Rising temperatures, erratic rainfall, and other climate impacts are throttling cocoa production and driving up chocolate prices. Image by StockSnap/Pixabay

This story was originally published by Grist and appears here as part of the Climate Desk collaboration

Just four West African countries are the foundation of an industry worth more than $100 billion. In the tropical nations of Côte d’Ivoire, Ghana, Cameroon, and Nigeria, rows of cacao trees sprout pods bearing dozens of seeds. Once harvested, these humble beans are dried, roasted, and processed into something beloved worldwide.

Chocolate has been coveted for millennia and, particularly on Valentine’s Day, is an unmistakable token of love. But as increasingly erratic weather continues driving up the costs of confectionery, the sweet treat has become a symbol of something much less romantic: climate change.

Two reports published Wednesday found that warming is pushing temperatures beyond the optimal range for cacao growth in the countries at the heart of the world’s supply, particularly during primary harvest seasons. The research reveals how burning oil, coal, and methane is roasting the planet’s cocoa belt and skyrocketing chocolate prices.

“One of the foods that the world most loves is at risk because of climate change,” said Kristina Dahl, vice president for science at the nonprofit Climate Central, which wrote one of the two reports. “I would hope that by hearing that human activity is making it harder to grow cocoa, it might cause people to stop and think about our priorities as a species, and whether we can and should be prioritizing actions to limit future climate change and future harms to this food that we love so much.” 

About 70 percent of the world’s cacao is grown in West Africa, with Côte d’Ivoire, Ghana, Cameroon, and Nigeria the biggest producers.
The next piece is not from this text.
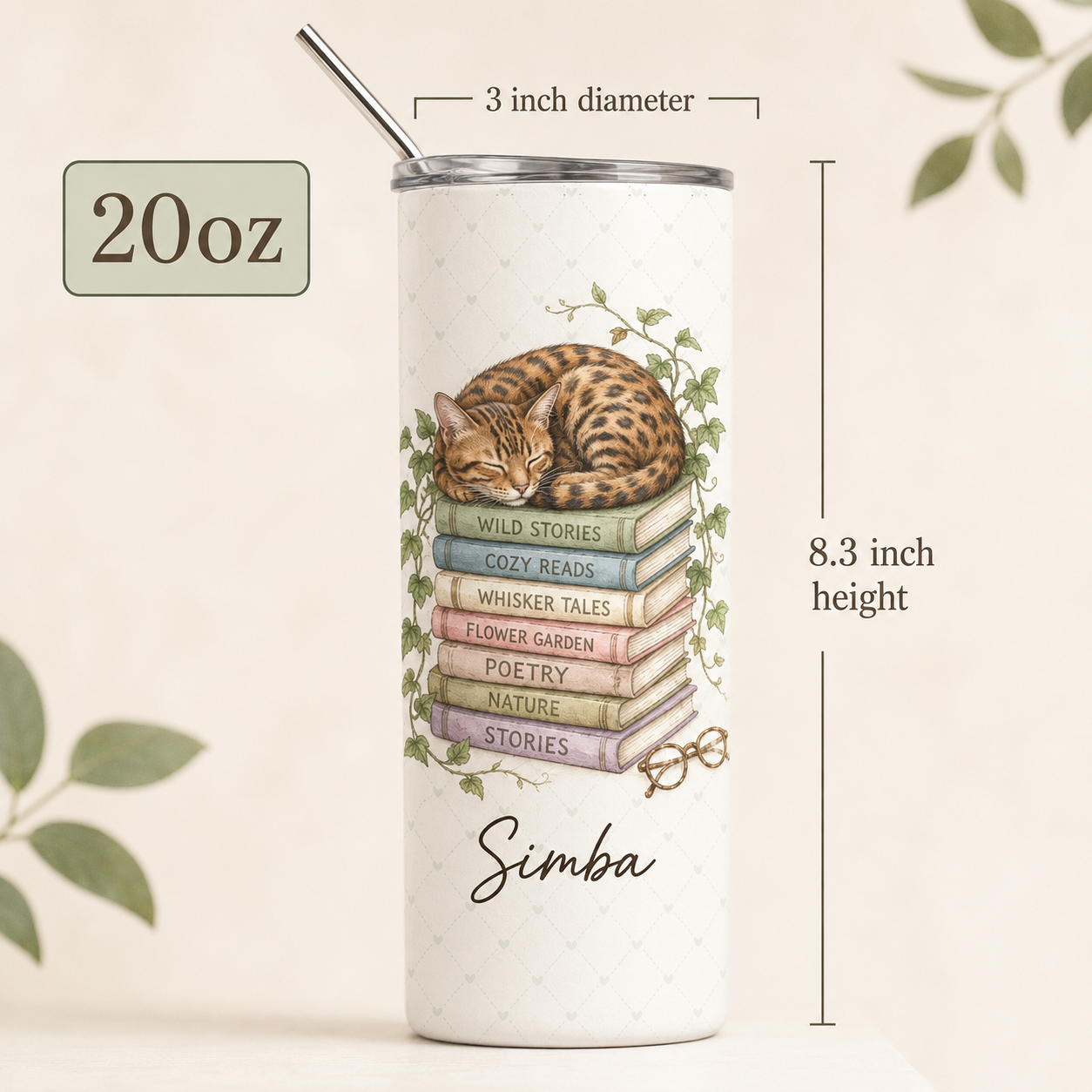 Personalized Photo Book Cat 20oz Skinny Tumbler – Custom Cat Photo Skinny Tumbler for Woman and Cat Owners TOM99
The bulk of the rest is grown in places with similar climates not far from the equator, such as Indonesia and Ecuador. The trees grow best in rainforest conditions with high humidity, abundant rain, nitrogen-rich soil, and natural wind buffers. Exposure to temperatures higher than 89.6 degrees Fahrenheit prompts water stress, hinders plant growth, and erodes the quality and quantity of seeds the trees yield. 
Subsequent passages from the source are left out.